Charlie immediately leaped into the frigid dark water to assess the situation. I don’t know what he hoped to accomplish, but he came up sputtering, standing neck-deep on the sandbar, shoving against the hull and shouting arcane nautical orders. I finally managed to release the mainsail—the boom swung out and nearly decapitated Charlie—and the canvas commenced snapping in the breeze with a sound like gunshots. Charlie groaned with effort as he strained to free us, but instead of floating off the bar, the boat dug in deeper. When Charlie dolphined back aboard, an entrance as dramatic as his exit, I just lost it, convulsed with the sort of laughter that threatens rib damage.

It was a belly laugh many years in the making—all the years I’d resisted going to sea on the Sally Jean. Sure, we were great friends, Charlie and I, longtime doubles partners in a Tallahassee city tennis league. He had a wicked serve and a graceful if fallible backhand, and although he couldn’t always be counted on to arrive completely sober, you could be sure he’d keep things light. We were frequent scuba-diving buddies as well. He loved it more than I did; he’d call, and I’d go, and I’d be glad I did. Same with a game of poker or a night’s carousing. Every man needs a friend like Charlie, the boon companion, the rogue and raconteur, the perennial bachelor who’ll drag you to strip clubs and introduce you to unsavory characters and involve you in harebrained schemes. Generally, he was great good fun, especially in small doses, but I’d always made my excuses when he talked about sailing.

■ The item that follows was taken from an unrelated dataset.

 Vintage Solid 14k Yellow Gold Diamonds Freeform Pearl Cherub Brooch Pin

I mean, you could look at his truck and deduce his boat. By profession he was a cabinetmaker—out of chaos, somehow, precision—and the sawdust and lumber and tools overflowed into the cab, where they mixed with tax folders and fast-food debris and schoolbooks, for in his mid-thirties he was still plugging away at that B.S. in, of all things, criminology. His true liability, I always thought, was that he was just coasting, biding his time, waiting to inherit a small but sufficient fortune. As a result, his life was a mess, his truck was a mess, his 30-foot sailboat a disaster waiting to happen. He just was not yare, as the sailing folks say, not by a long yard.

What finally reeled me in was windsurfing, my latest enthusiasm, and Charlie’s inspired bar talk of blue water and open-sea swells. So when we made our hasty preparations that afternoon, I bundled up my gear and strapped it all onto the foredeck. I’d pictured it so clearly: While Charlie chugged along at the rudder of the Sally Jean, destination Tampa and the storied Katanga Club, I’d be skipping over the ocean on a wild wing and a prayer. And then there we were, not an hour out of port and wrecked. Goddammit, Charlie, I told you!

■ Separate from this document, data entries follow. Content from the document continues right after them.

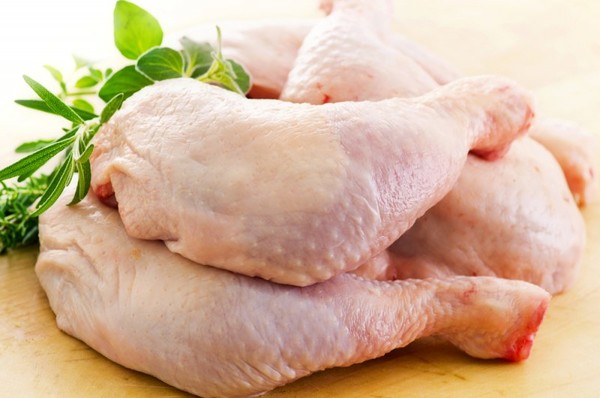В окорочках липецкой птицефабрики «Куриное царство» обнаружили опасные вещества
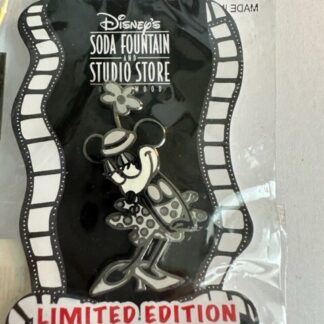 DSF Steamboat Willie Minnie Mouse LE 300 Disney Pin (B)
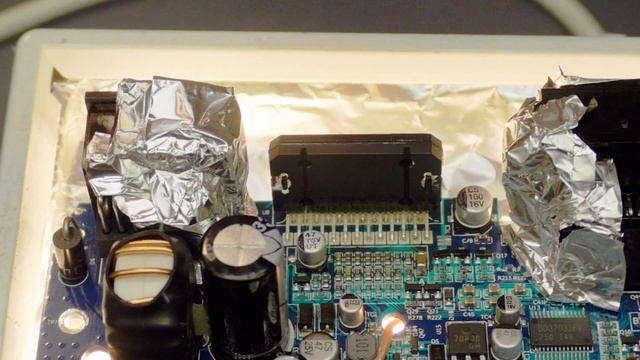 Замена усилителя TDA7850 за 2 минуты смотреть онлайн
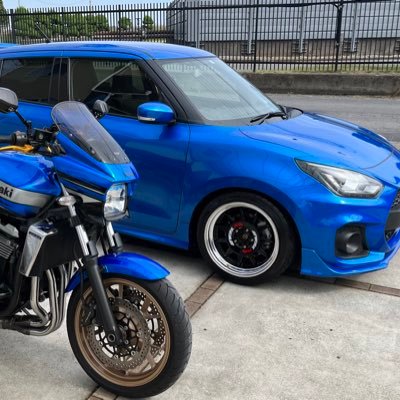 ZC33S モンスター江戸川コンプリートカー。5月22日納車。ZC33Sは峠メインで走ってます。次女もZC33S乗り。 ZRX1200DAEG乗りです。 DAEGはツーリングメイン。ZC33S乗りZRX系乗りの方、無言フォロー失礼します。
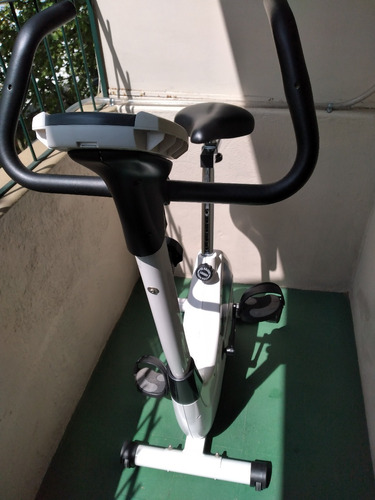 Bicicleta Fija- Ion Fitness Rhona- Practicamente Nueva!!!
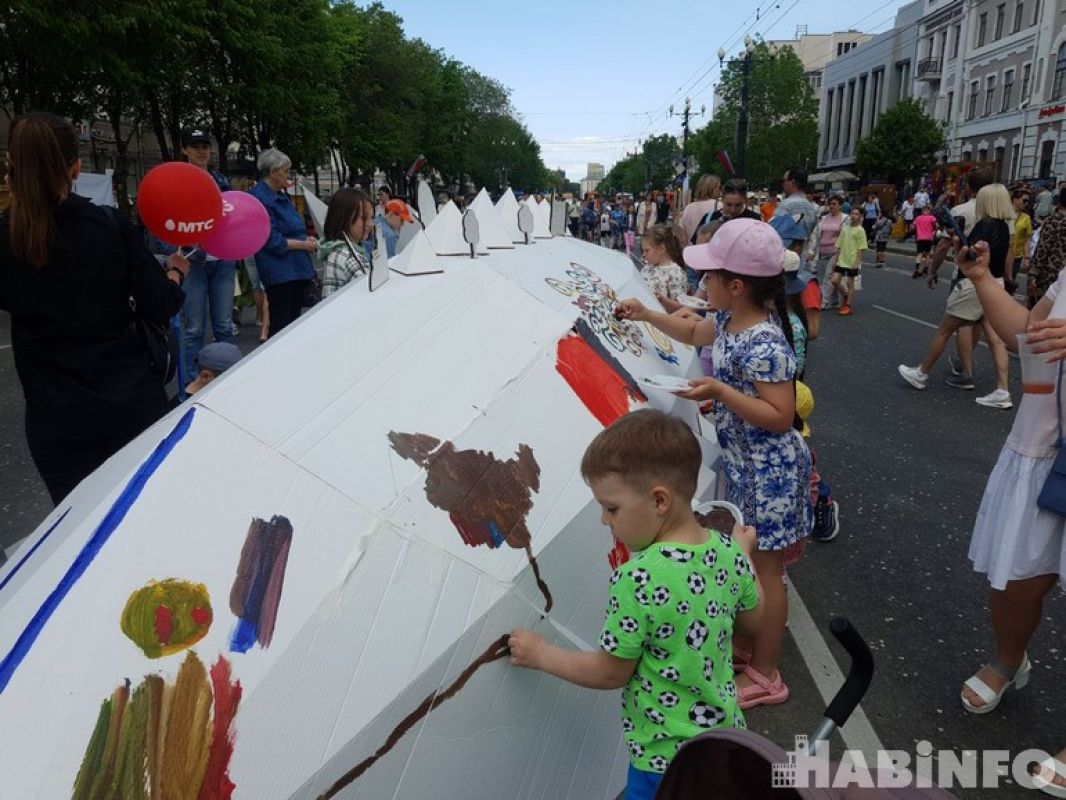 Как счастливый Хабаровск юбилей отмечал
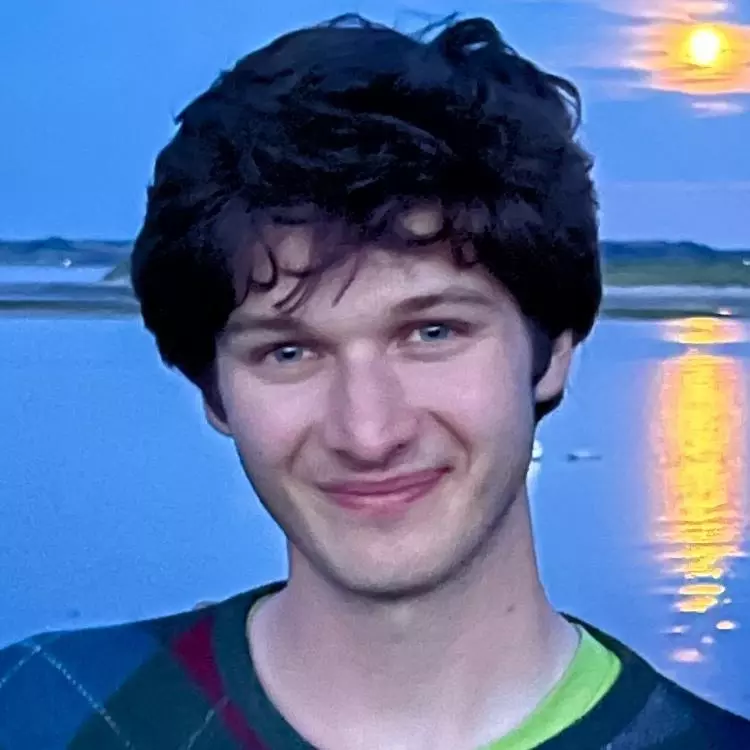 Headshot of Linus Miller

We wrestled down the mainsail. Then I said something mildly snide, like “Nice bit of navigating there, Cap’n,” and he laughed his accustomed rueful laugh, and we rubbed our chins and regarded the twinkling lights of Shell Point and thought we ought to have ourselves a drink. So began a most thorough crime-scene investigation, a sifting-through of debris and an emptying of sacks and a gradually more desperate banging open and shut of cupboards. Clearly, an act of stupidity had occurred, but running aground was a mere misdemeanor. The felony, which we both pictured simultaneously like a cartoon bubble above our heads, was forgetting that last brown paper bag on the seat of the truck. Goddammit, Charlie!

I don’t know how many times we looked at the limes and the Cokes and the lights onshore before I finally said, “All right, I’m going for it!” Of course, the Sally Jean had no dinghy, no life raft, no EPIRB, no rescue equipment whatsoever. But I had my sailboard, and there was wind. I could feel the momentum returning. How about some blackwater sailing? Charlie warmed to the idea at once. This was Charlie time, big-time, his veritable element, and he rubbed his hands with glee as I tossed my gear overboard and followed after. He wished me Godspeed and specified his favorite brand of rum.

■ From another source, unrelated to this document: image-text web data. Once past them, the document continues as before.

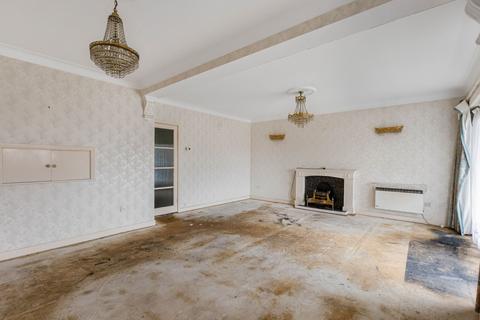 3 bedroom apartment for sale, Balmore Crescent, Cockfosters, Barnet, EN4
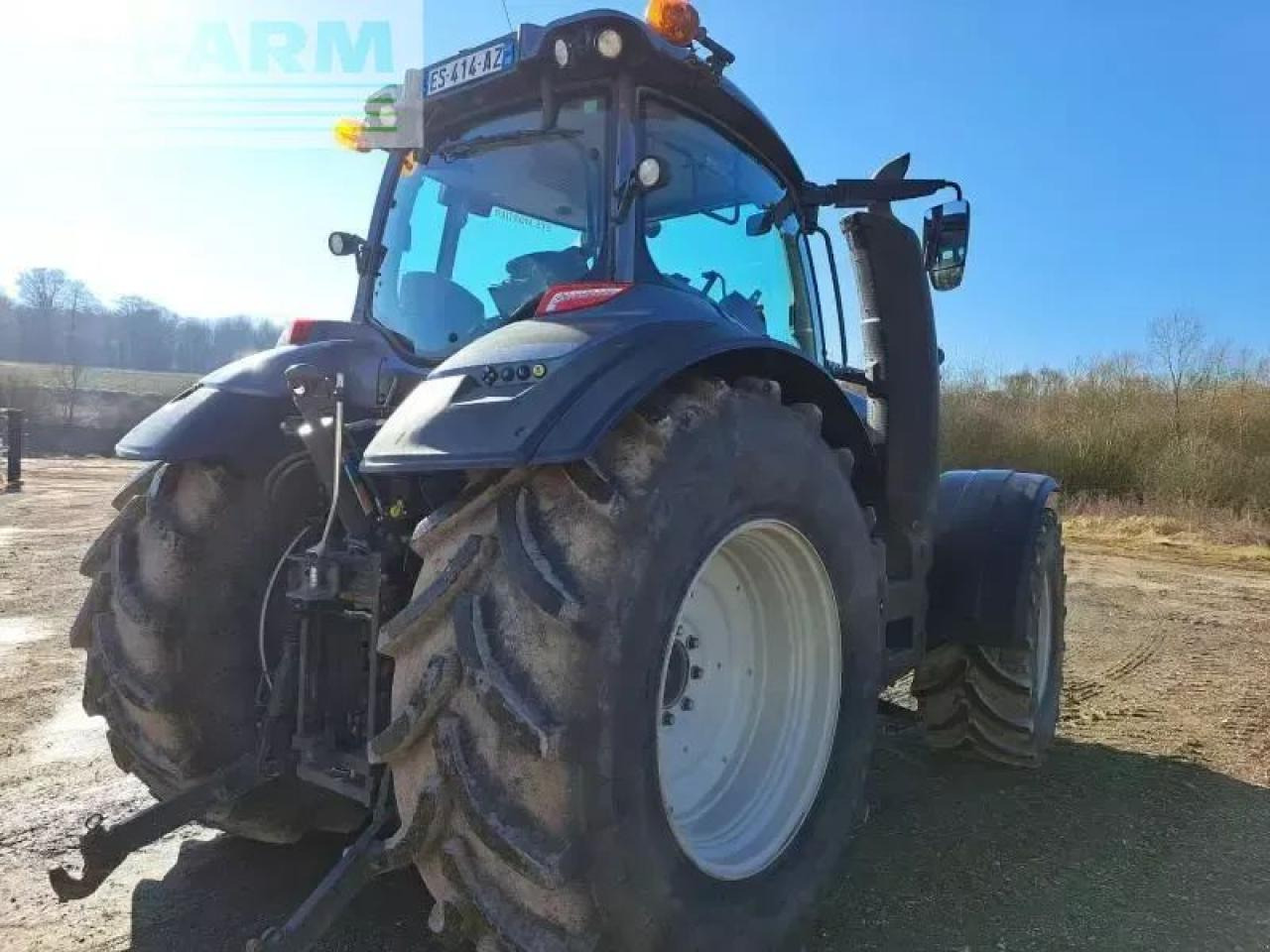 Valtra t214 - Traktori: kuva Valtra t214 - Traktori Valtra t214 - Traktori: kuva Valtra t214 - Traktori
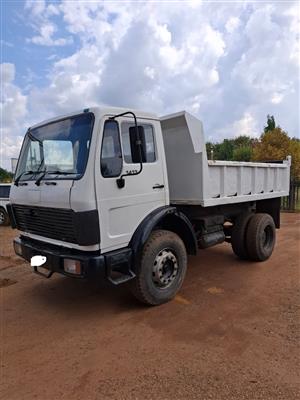 USED 1981 MERCEDES-BENZ 1413 6M3 TIPPER FOR SALE 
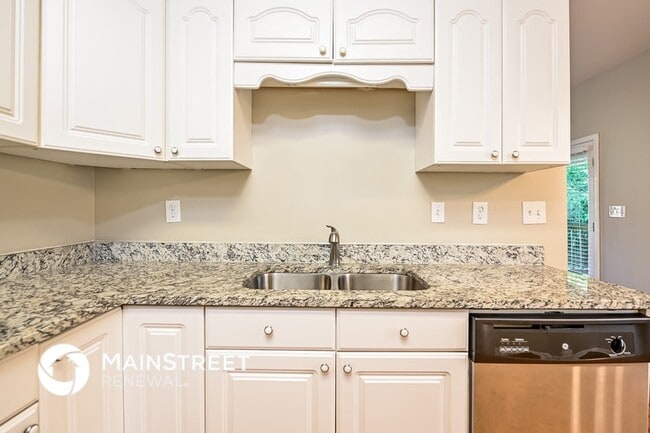 Photo - 415 Willow Glen Dr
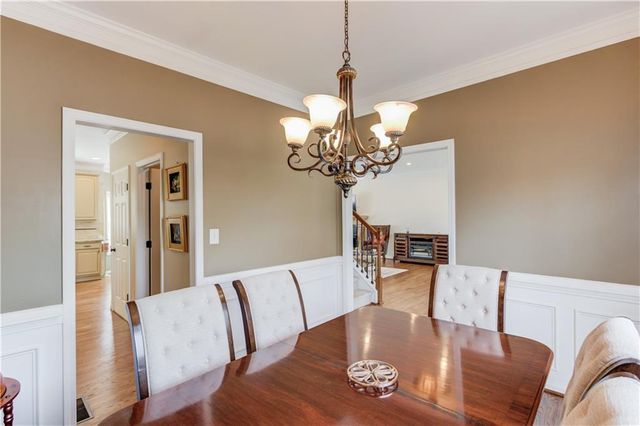 262 Sandhurst Court, Suwanee, GA 30024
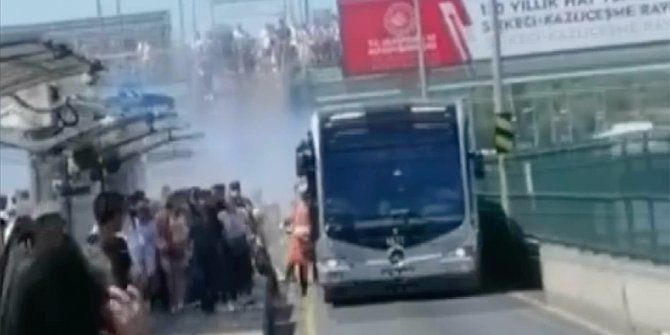 İstanbul'da duman çıkararak arızalanan metrobüsün yolcuları tahliye edildi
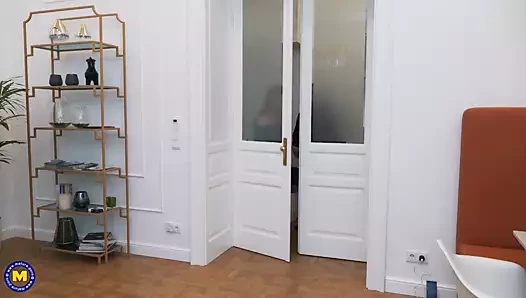 Olgun üvey anneler ile çılgın sıcak seks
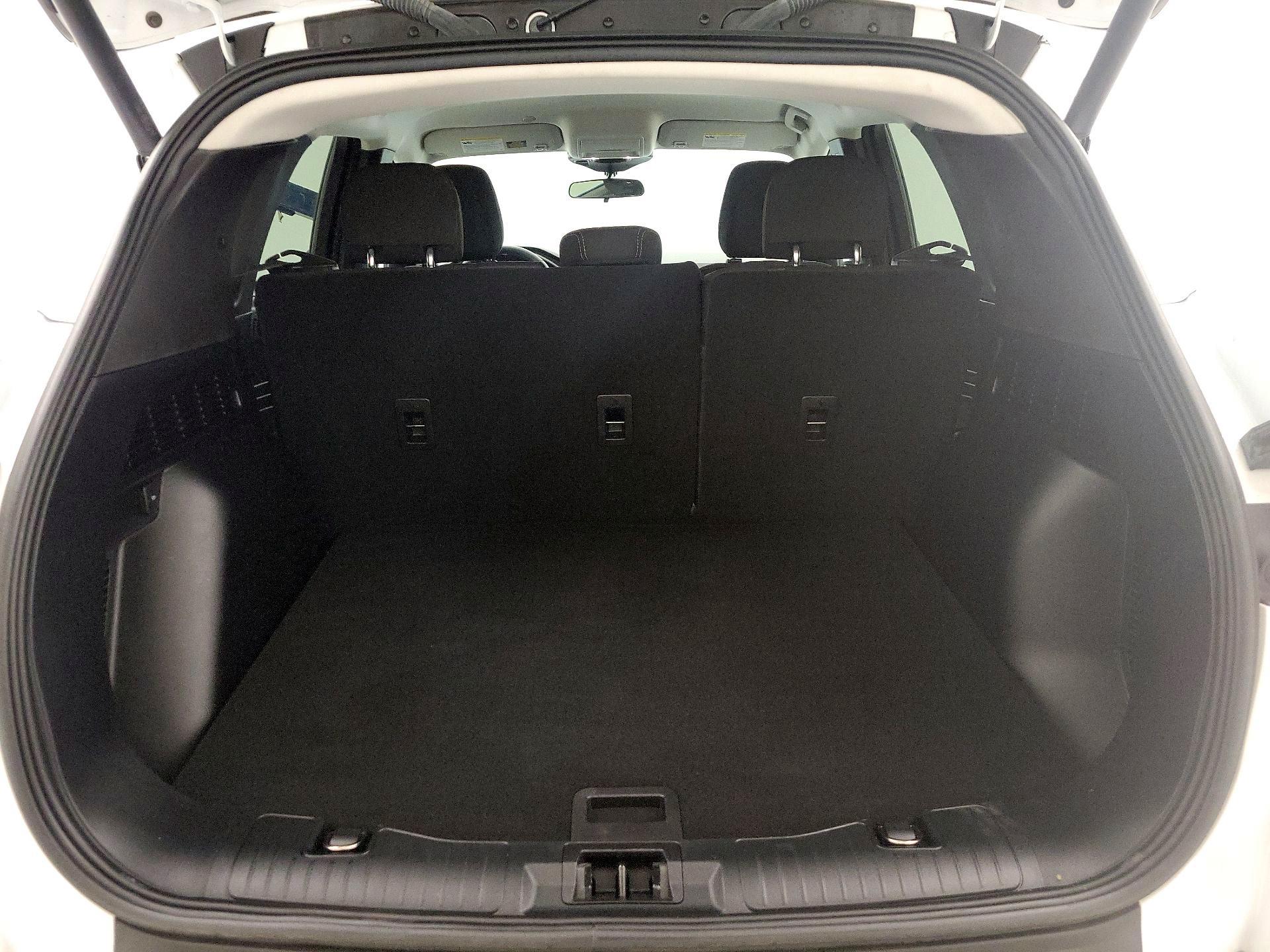 Thumbnail: 2023 Ford Escape - 20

I had a running swell, a tailing wind, and the lights of Shell Point to guide me. I must admit I felt positively Bond-like when I hauled the rig ashore and stashed it in a dark place. Less so as I stood in line at the liquor store in my wetsuit, an embarrassing puddle spreading at my feet. Getting back to the Sally Jean was a bigger challenge. The wind had dropped, and what little remained was dead against me. I had to tack countless times, and each time I risked a spill and a possible shattering of the bottle, which I’d tucked into the chest of my suit. And if I fell, there was a good chance I’d have to unrig the sail and paddle, which would spoil the whole effect. Because by then, sailing under the stars, the water soft as velvet, I was so into the feat, the Charlie-inspired crazy derring-do of it, there was no way I could fail. This would be a story we’d tell down the ages.

And, man, the look on his face as I hove into sight, pumping the sail, the way he clapped me on the back and laughed and laughed. He wanted to hear every detail as we cracked open that bad boy and poured us a rum and Coke with a twist. That was a good drink.